[Start of section]

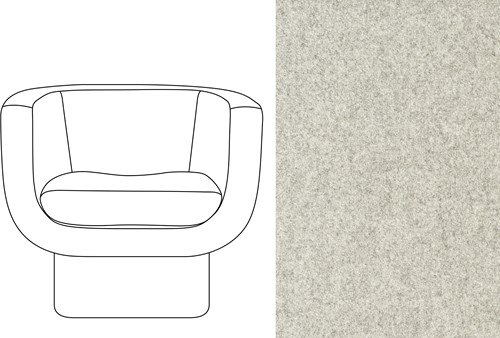 Sketch Block Chair Facet 40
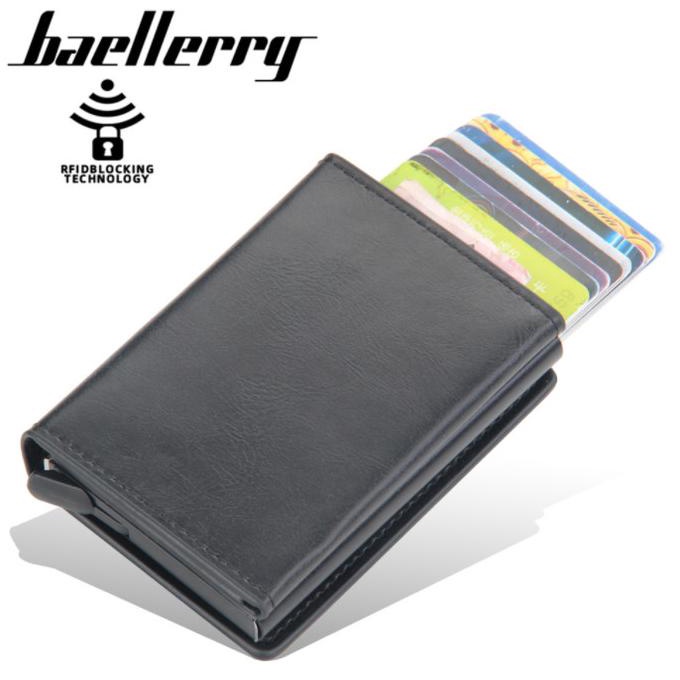 

Office & Stationery | Document Organizer | Dompet Kartu Kulit Rfid Baellerry Original Anti Theft Card Bly040 | Best Seller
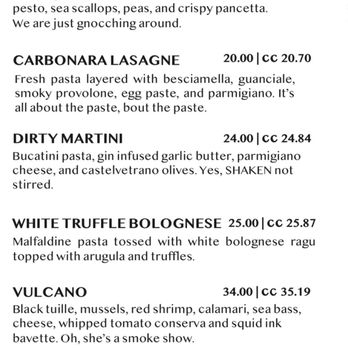 Lala lu - White truffle bolognese did NOT come topped with truffles - Steakhouses Near Me - East Syracuse, New York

[End of section]

YOUR OBJECTIVE: Your answer must be the full listing, reproduced word for word, without its pictures.

EXERCISE RESULT:
 Sketch Block Chair Facet 40

Office & Stationery | Document Organizer | Dompet Kartu Kulit Rfid Baellerry Original Anti Theft Card Bly040 | Best Seller
 Lala lu - White truffle bolognese did NOT come topped with truffles - Steakhouses Near Me - East Syracuse, New York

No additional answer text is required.